Perfecting Merida’s dress: The cloth team created multiple dresses to help Merida break free.

“The challenge of this film was the sheer complexity and artistry,” says Chung. “Fergus had eight layers of cloth draped together in his kilt. And Merida... when we looked at the story reel three years ago, we counted the number of times she changed costumes. And then we said, ‘Oh, she just ripped her dress. And, oh, she ripped it again.’”

For Merida’s debut, her mother laced the free-spirited girl into a corset and dressed her in an extremely tight dress. When Merida later decides to show off her archery skills, she rips the dress to give herself some elbow room.

The first film at Pixar with a character wearing a costume that required cloth simulation was the short animation ‘Geri’s Game’, which won an Oscar in 1998. To move Geri’s costume, Pixar’s senior scientist Michael Kass created a cloth solver.
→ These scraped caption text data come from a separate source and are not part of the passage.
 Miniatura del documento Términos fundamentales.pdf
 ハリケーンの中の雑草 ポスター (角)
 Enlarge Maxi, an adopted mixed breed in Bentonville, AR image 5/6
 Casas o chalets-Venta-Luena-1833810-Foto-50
When senior scientists Andrew Witkin and David Baraff joined Pixar, the three members of Pixar’s Research Group built a new simulation engine, which they named FizT.
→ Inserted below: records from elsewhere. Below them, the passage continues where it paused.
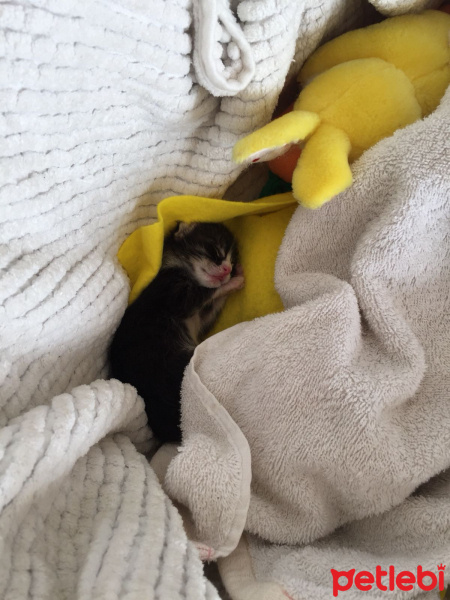 Tekir Kedi, Kedi  Boncuk fotoğrafı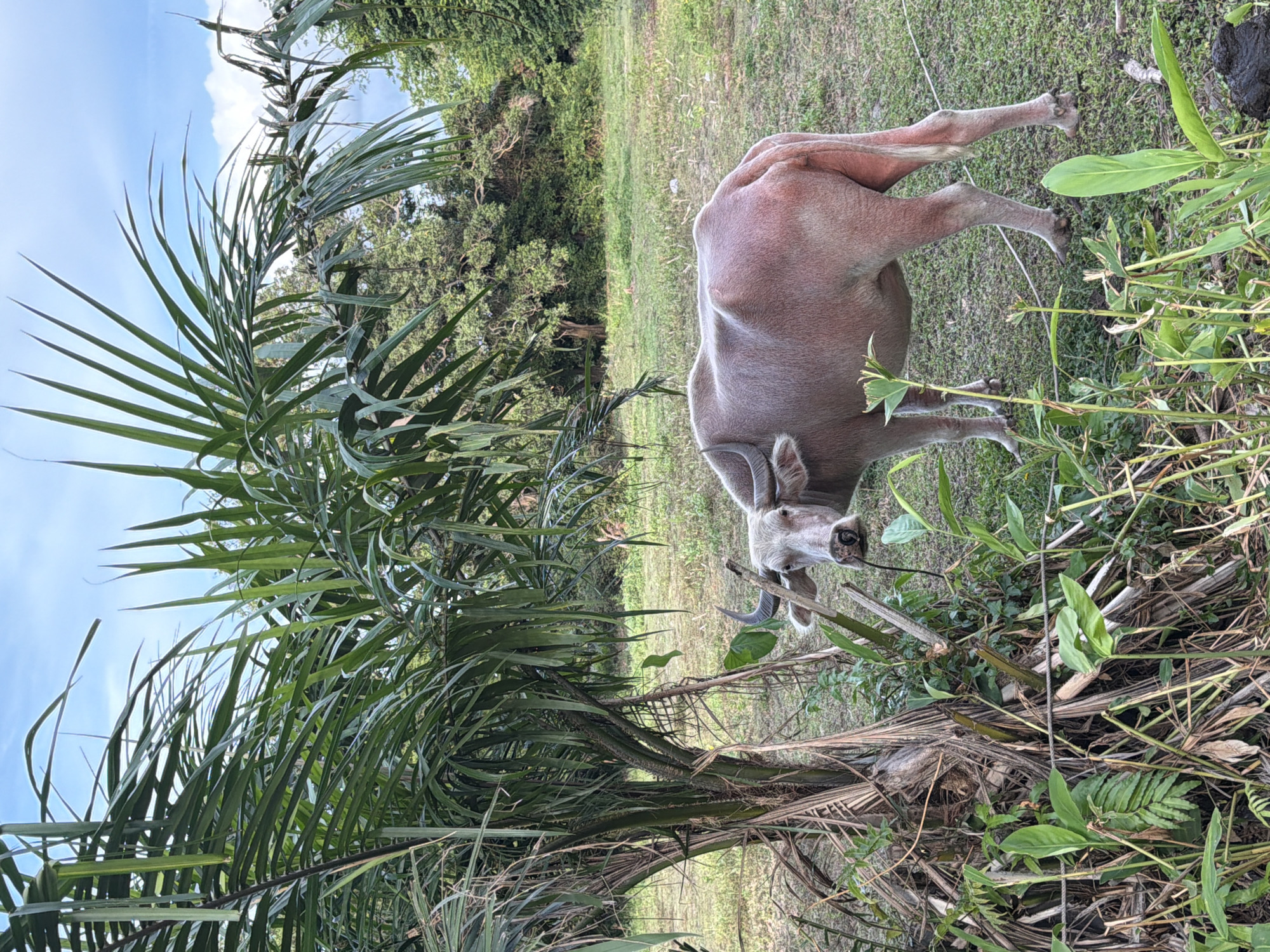 A light-colored buffalo stands in a grassy area with palm trees and vegetation in the foreground and background. The buffalo is facing the camera and appears to be grazing. The sky is blue with some clouds. The scene is outdoors, likely in a tropical or subtropical location, given the presence of palm trees and lush greenery. The lighting suggests it is daytime. The buffalo's body is a pale pinkish-gray, and it has curved horns. The ground is covered in grass and dried leaves.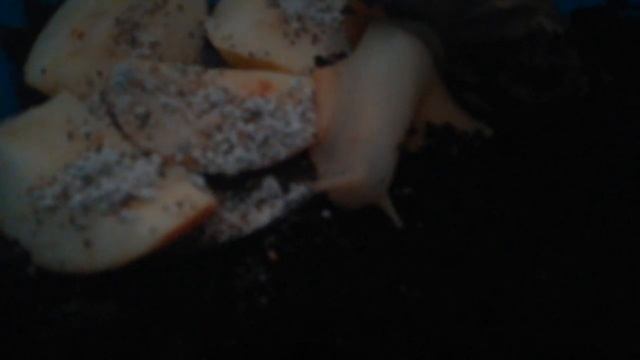 улитка ахатина. после спячки, вышла из анабиоза. смотреть онлайн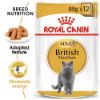 Picture of Royal Canin Cat - Pouch Box British Shorthair In Gravy 12x85g
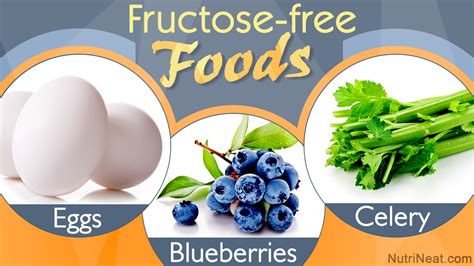 A list of fructose free food which food suit in your diet plan – Artofit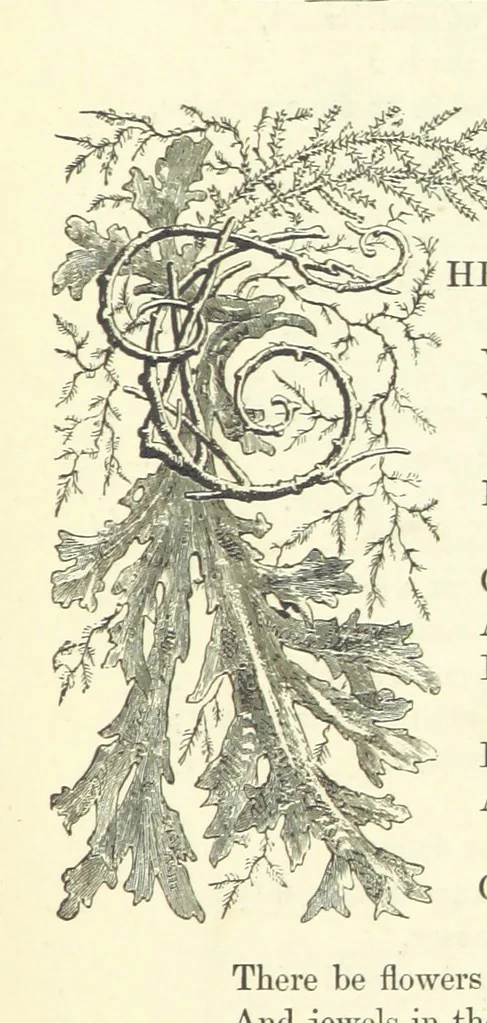 An illustration from Proverbial Philosophy in four series; now first complete, etc, 1881, leaf 33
“We started over from scratch, using the knowledge all three of us had to do the simulation,” Baraff says.

The simulator and system they built handled the hair and cloth dynamics for the characters in the Oscar-nominated film Monsters, Inc, including Sully’s fur and Boo’s t-shirt. With some evolutionary updates and one exception, Pixar has used FizT for cloth and hair on every film since.
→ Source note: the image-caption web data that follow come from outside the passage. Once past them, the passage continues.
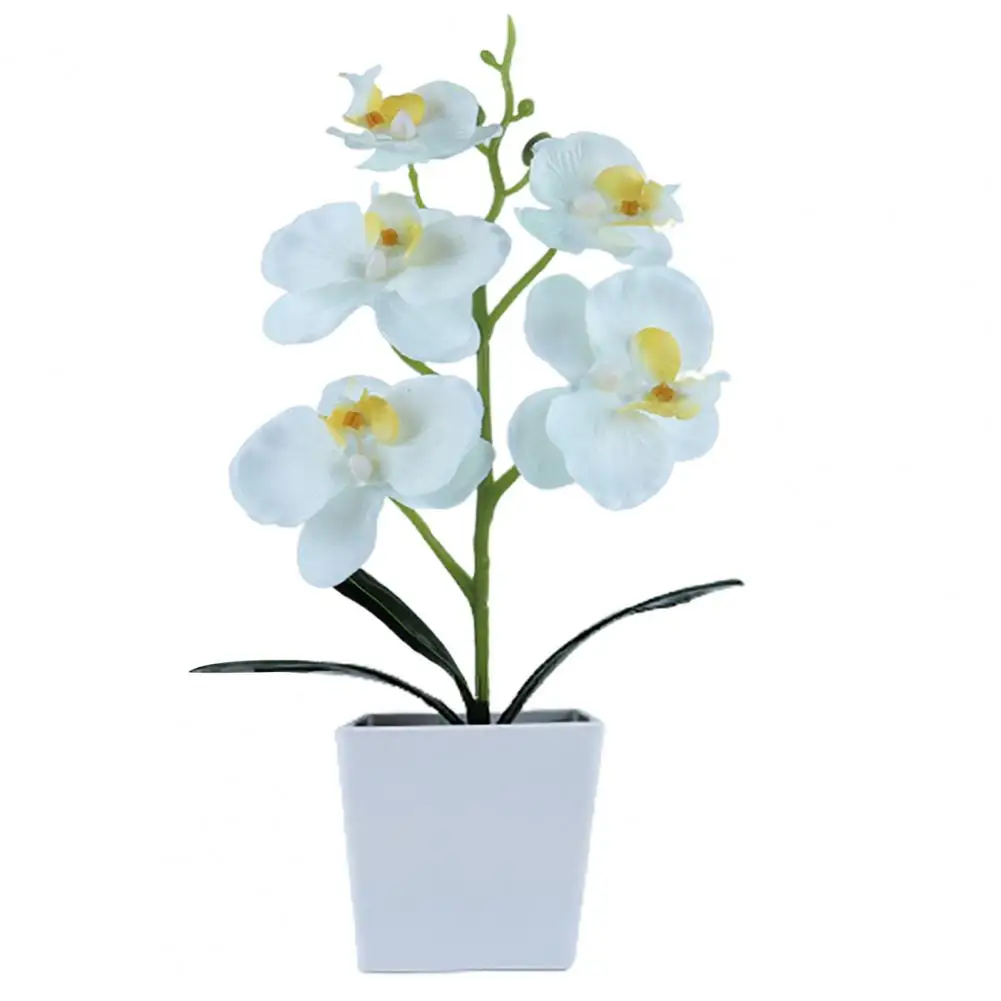 

Artificial Plants Fadeless Lifeful Plastic Artificial Bonsai Plants for Garden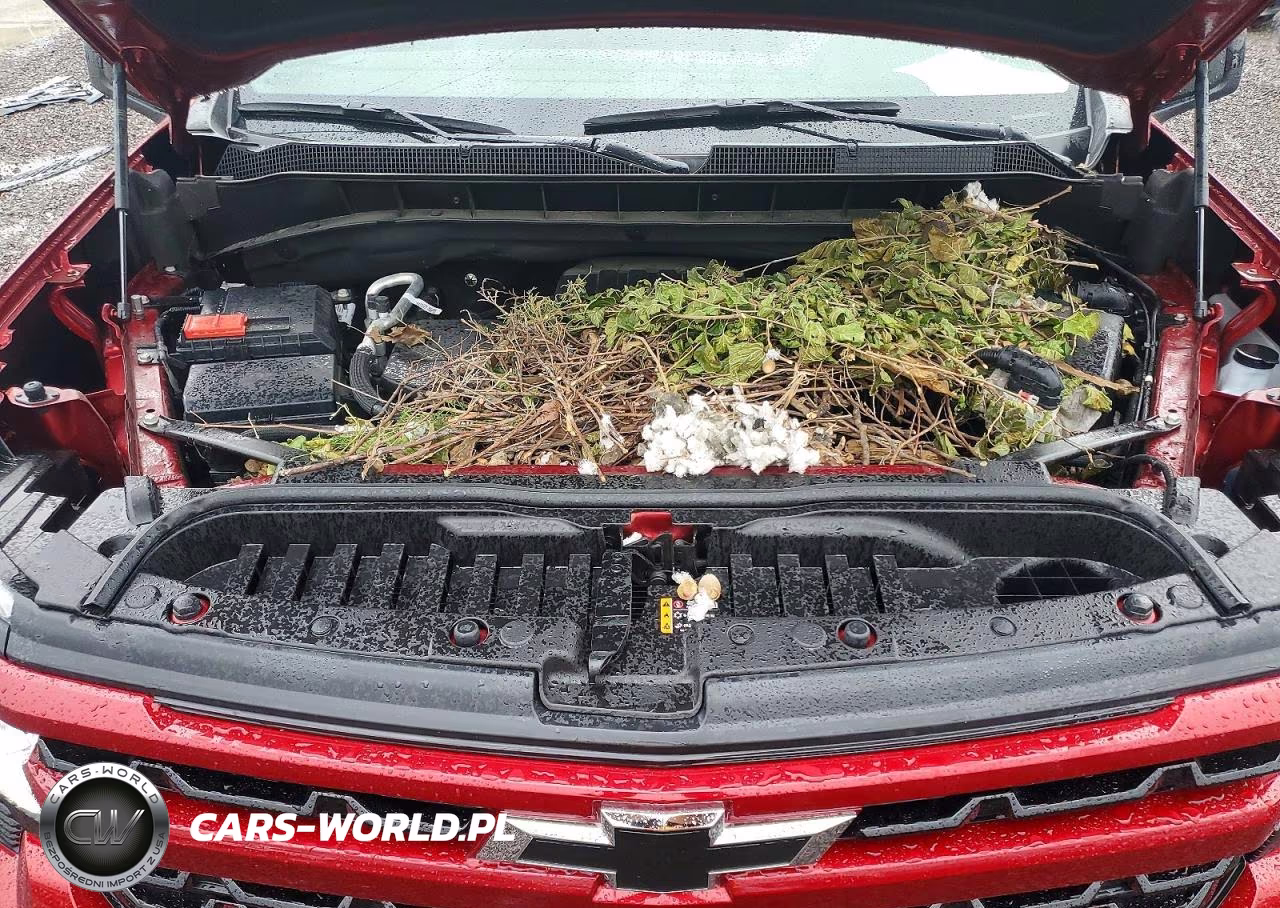 2025 Chevrolet Silverado K1500 Rst VIN:1GCPKEEK1SZ280588 - 11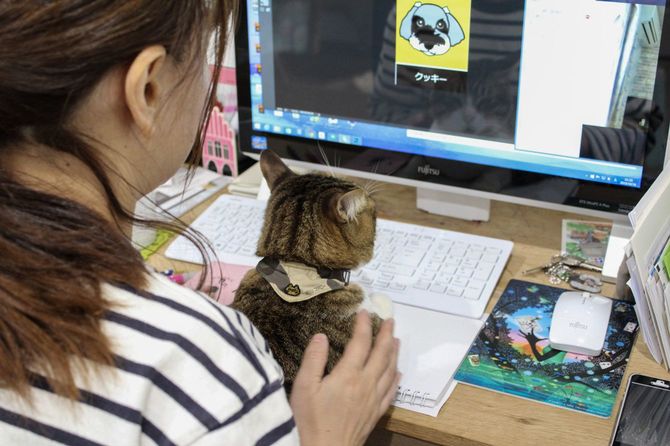 仕事をしていても、コタローはそばから離れようとしなかったという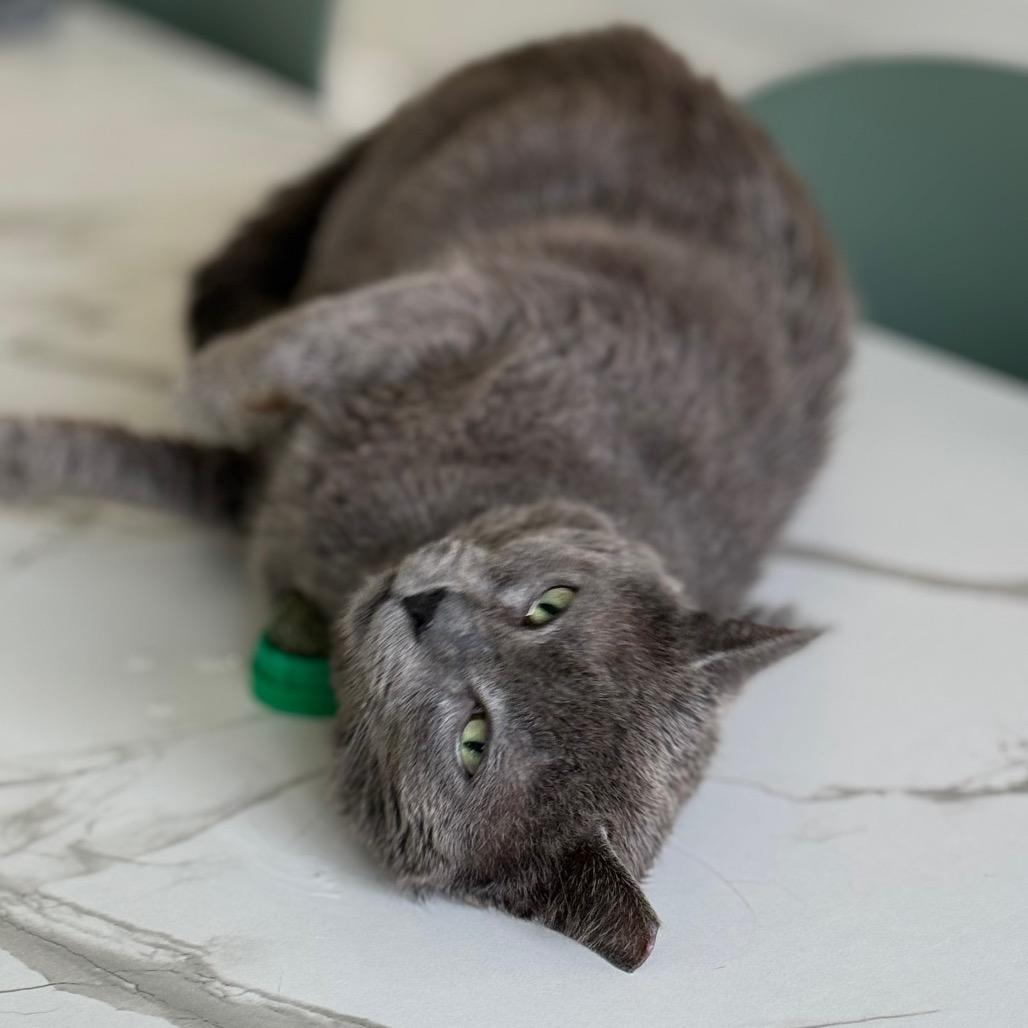 Blue, Adoptable, Young Male Domestic Short Hair.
The exception is Brave, which uses a completely new hair engine, Taz, developed by Witkin to handle Merida’s long tangle of curly hair. However, FizT will be driving hair and cloth sims again for characters in the upcoming Monsters University.

Until the Pixar team developed FizT, cloth simulation systems typically used history to determine whether cloth regions interpenetrated.

In those systems, any errors along the way often resulted in tangled cloth. The new methods the Pixar scientists devised to untangle the intersection problem resulted in a Siggraph 2003 paper and a patent. All three scientists received a Scientific & Engineering Award in 2006 for developing the cloth system.

“The system literally finds and traces all the intersections, and finds regions of the cloth surface,” Baraff says. “Then, it determines that this region has gone through that region. Usually you keep cloth apart with the springs between. The system understands, though, that pushing apart is not always right. Sometimes a region of cloth needs to push in reverse. Our system does a geometric analysis of the intersection; it traces all the lines to understand what it means.”

Untangling cloth

He offers a way to think of this mathematical process visually: “Imagine that you have two pieces of flat cloth floating in space an inch apart. Now, throw a ball on the top piece of cloth and push down until it goes through the bottom cloth. If you look at the line of that intersection, you’ll see that it’s a circle. That’s the circle of intersection. Both pieces of cloth have this symmetric region inside the circle. And inside the circle, all the points have gone through the other cloth. The cloth points inside the region want to attract their buddies, pull back through, and get out. Outside the region, the cloth wants to push apart.”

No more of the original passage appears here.